Eleven moments have shaped my destiny, he once told me. Just eleven, that’s all. But if you were to take even one of them away, I’d be a different person altogether. I’d have a different name, I’d think in another language, and I’d live on the other side of the world, or else I would have stopped living long ago.

The first of those moments happened at the turn of the century, in Radzin, Poland. That spring night the Jews of the shtetl left their houses and walked along the dirt path to the cheder, the school, where they shuffled around, standing, whispering, quietly wondering if what had brought them together there was really a miracle about to happen. The rabbi was in the middle, seated at a wooden table, and on the table a glass bubble waited enigmatically, empty except for a simple filament that rose about four centimeters from its base. The rabbi beckoned the children over to the table.

Let the children be the first to see the Future, he said.

Reb Meyer, according to my father, was famous in Poland for his oratory.

Among the children who stepped forward and surrounded the table was, of course, my father, Herschl Berman, dark-skinned, with black eyes and payes.

All right, said Reb Meyer, let’s see.

Then, soundlessly, the miracle occurred: the bubble lit up like a tiny sun on top of the table. The people gasped, their eyes opening wide.

Then they applauded.

And the applause grew louder as the rabbi waved his hands, palms down, over the shining light bulb, blessing it in Hebrew. Blessed art Thou, Lord our God, King of the Universe, who allows us to light electric bulbs.

The next day at cheder, Reb Meyer spoke animatedly about the miracle of a literally brilliant Future.
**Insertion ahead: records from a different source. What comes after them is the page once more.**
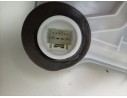 CERRADURA PUERTA DELANTERA DERECHA 6903062010 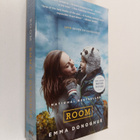 Emma Donoghue : Room - pikkukuva 1
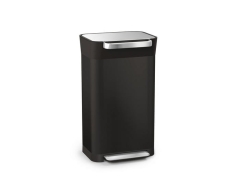 Kosz na śmieci Titan 30 l Joseph Joseph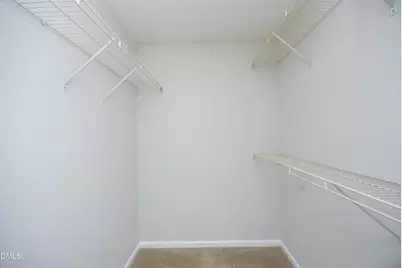 7717 Falcon Rest Circle, Raleigh, NC 27615 - Photo 19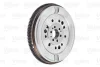 Маховик Dual-mass flywheel VW Tiguan 2.0TDI 08- Valeo 836543 (фото 3)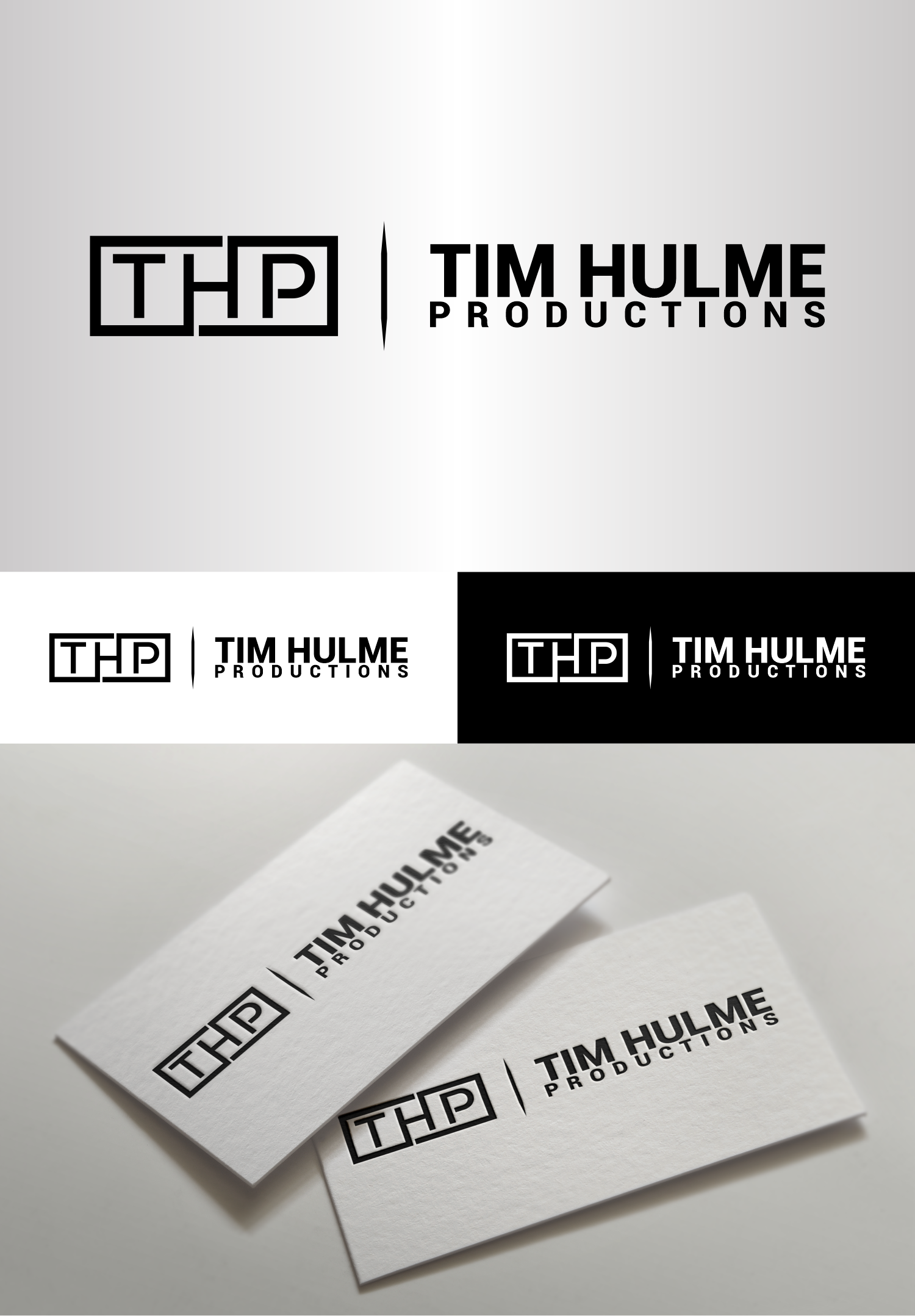 Logo-Design von Abigaill_design für Tim Hulme Photography PTY Ltd | Design #33346788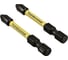 Биты PH2, 50 мм, 2 шт Hanskonner HPH2-50-2T 2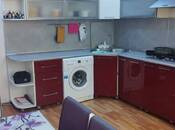 İcarəyə verilir 3 otaqlı yeni tikili 103 m², Həzi Aslanov m., photo 2 from 8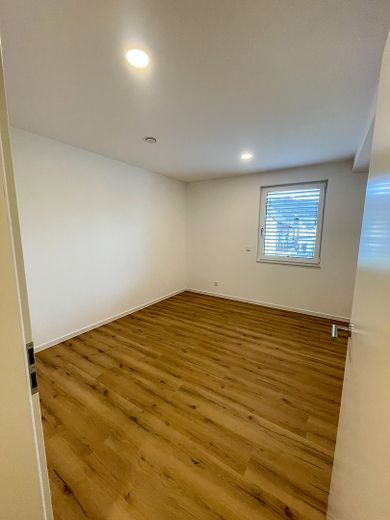 Mietwohnung WE5 Piesport - Neubau inkl. Einbauküche – Foto 6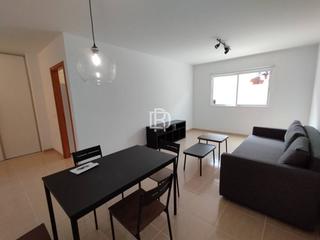 Location Appartement  Juan antonio quevedo. Amplio piso a estrenar en san juan de la rambla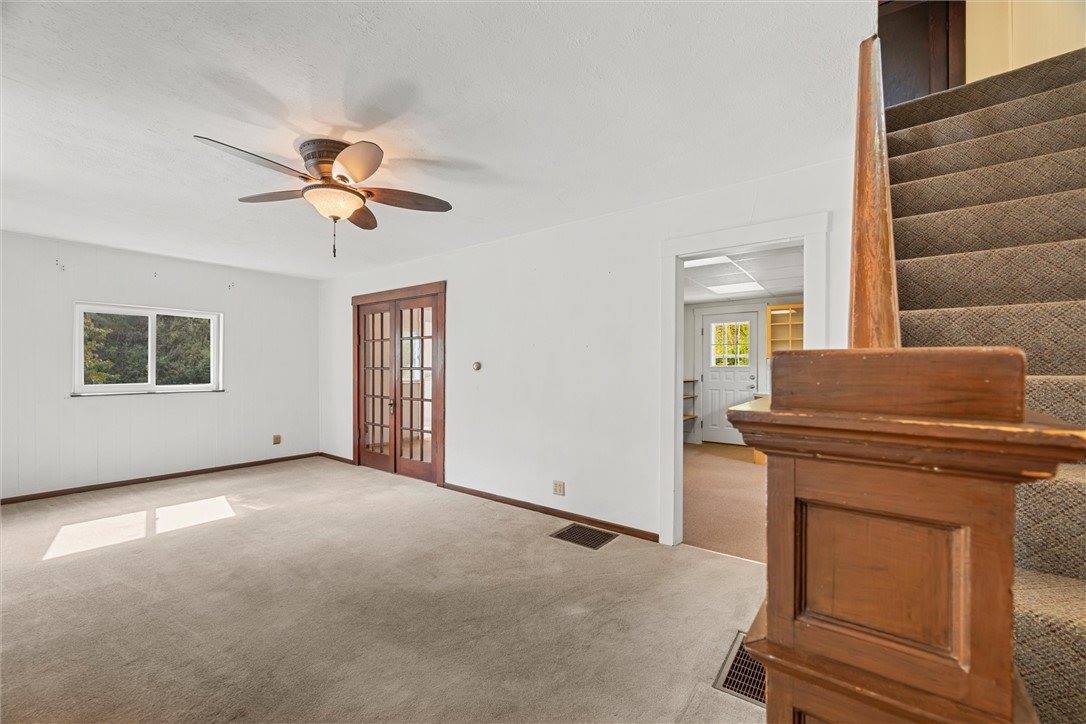 138 Bear Creek Road, Buffalo Township, PA 16055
Myriads of light bulbs would arrive to erase the darkness of evil and suffering from the earth. Hadn’t God revealed Himself to Moses as the radiant light of a burning bramble bush? Hadn’t He appeared to Daniel as a bolt of lightning suspended in the sky? Light is the appearance of God, and if God had found it necessary to set fire to a bramble bush in the desert in order to talk to Moses, in the twentieth century he would talk to everyone, ecumenically, through light bulbs.

And now not even fools will be capable of sin, the rabbi concluded.
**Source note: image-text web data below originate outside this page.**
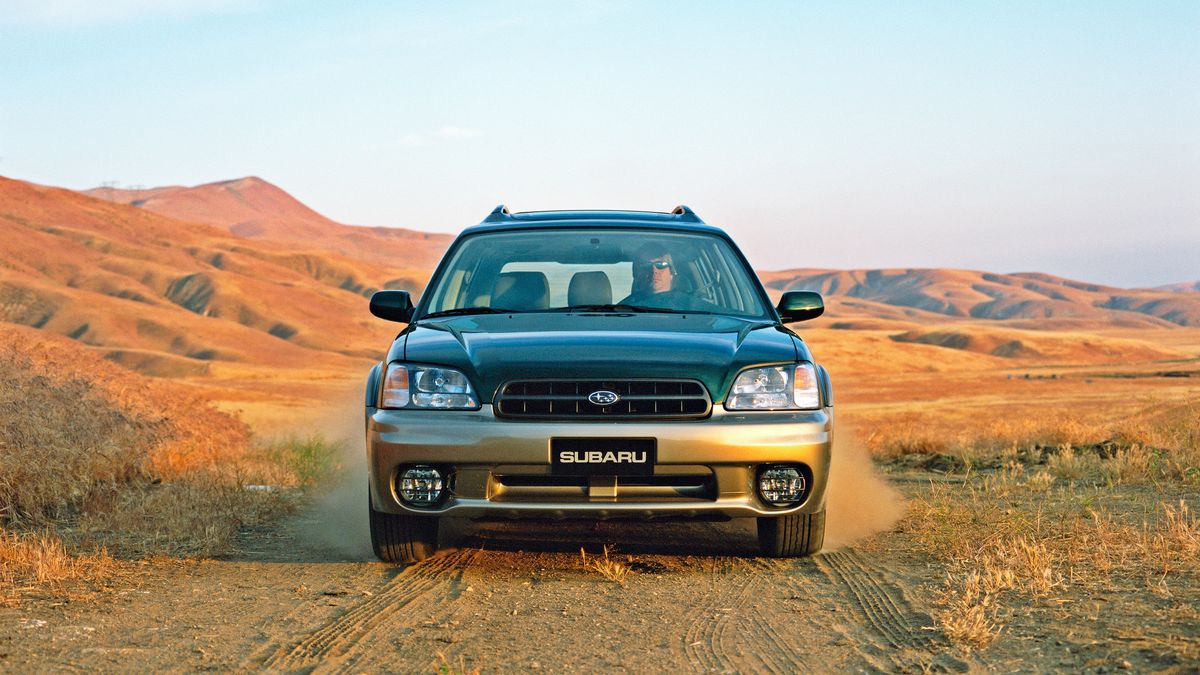 Zdjęcie ilustracyjne do artykułu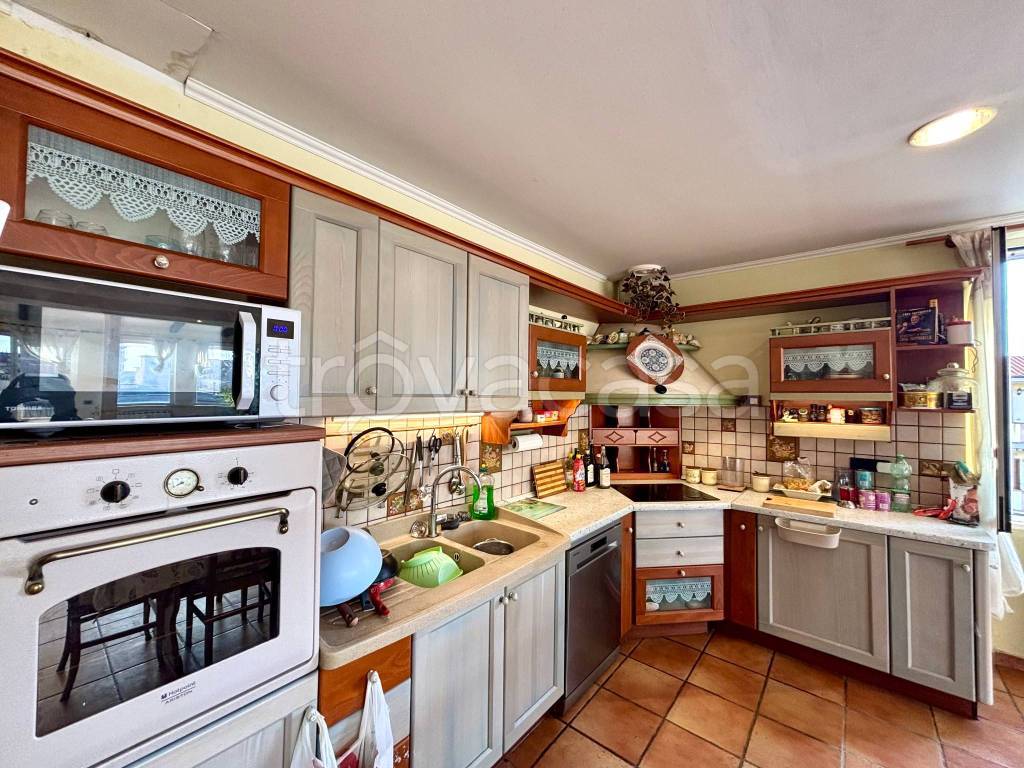 immagine annuncio 10 di 15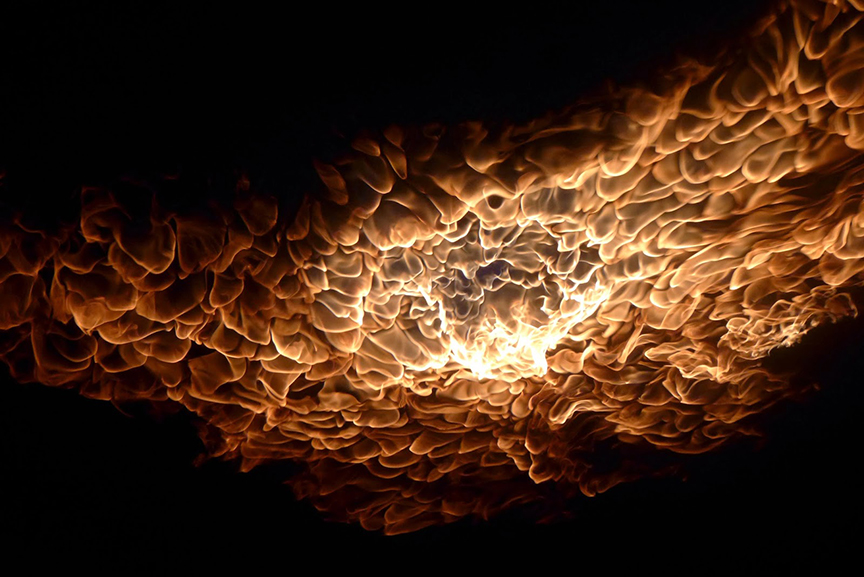ceiling fire 2.jpg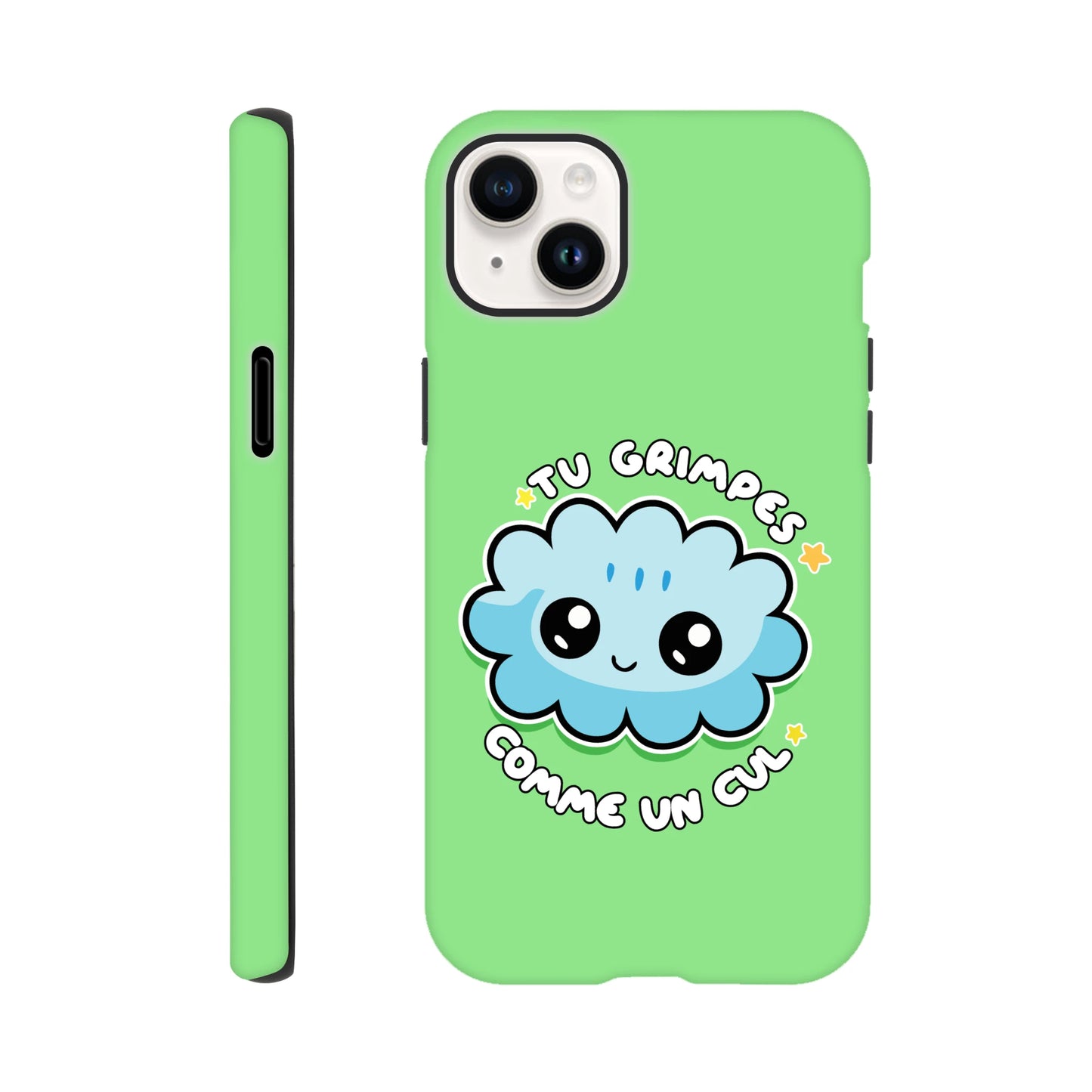 862a9180-0f0c-4849-ac65-0866f17e4771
Over the years, Reb Meyer’s optimism grew bitter in my father’s memory, but the joy of seeing that burning light bulb was something from which he never recovered.

I’ll tell you exactly what I felt when I saw the bulb, my father said to me.
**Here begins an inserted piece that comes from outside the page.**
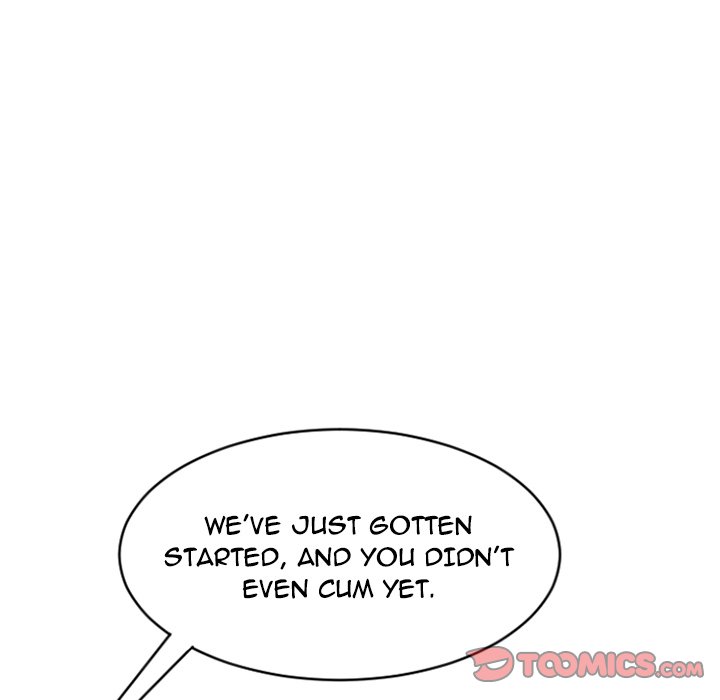 Close, but Far chapter 23 page 75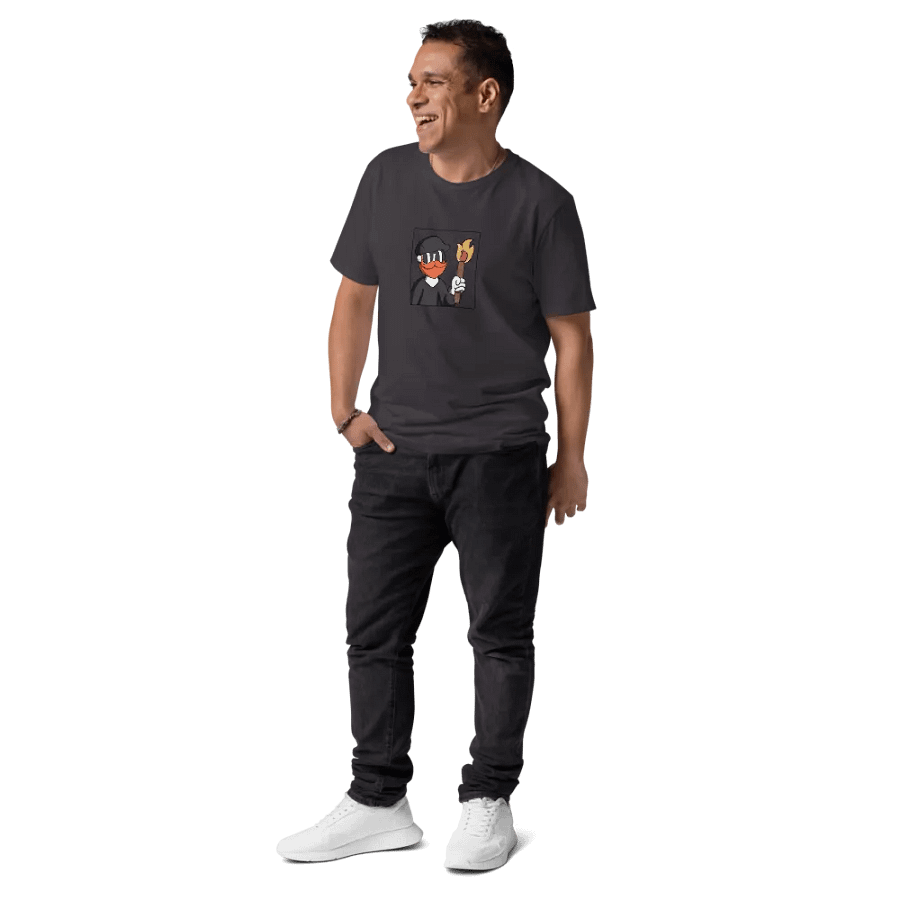 Riot T product image (10)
He closed his eyes and spoke to me of the long, cruel winters in Radzin. Winters that lasted half the year and forced people to lock themselves inside their houses or in the temple, because to step outside into the air meant being stabbed by a piercing blade of cold.

During that half of the year the sun was always a hypothesis: maybe it was hiding behind the perpetually clouded sky. And when the wind rearranged the clouds and the sun gradually peeked out between them, Reb Meyer knew it, because the window next to his chair lit up, and beneath his gaze the sheet covered with the characters of the great book of the Talmud grew whiter and finally, radiant. Then he would dismiss his class and order the children to leave the schoolroom to take advantage of the interstice of sunshine.

Out in the snow, the children unbuttoned their black jackets and white shirts, they slipped their tzitzit over their heads, and flung their arms open to feel the sun on their chests. That was the happiness I felt from the light bulb, my father concluded, opening his eyes.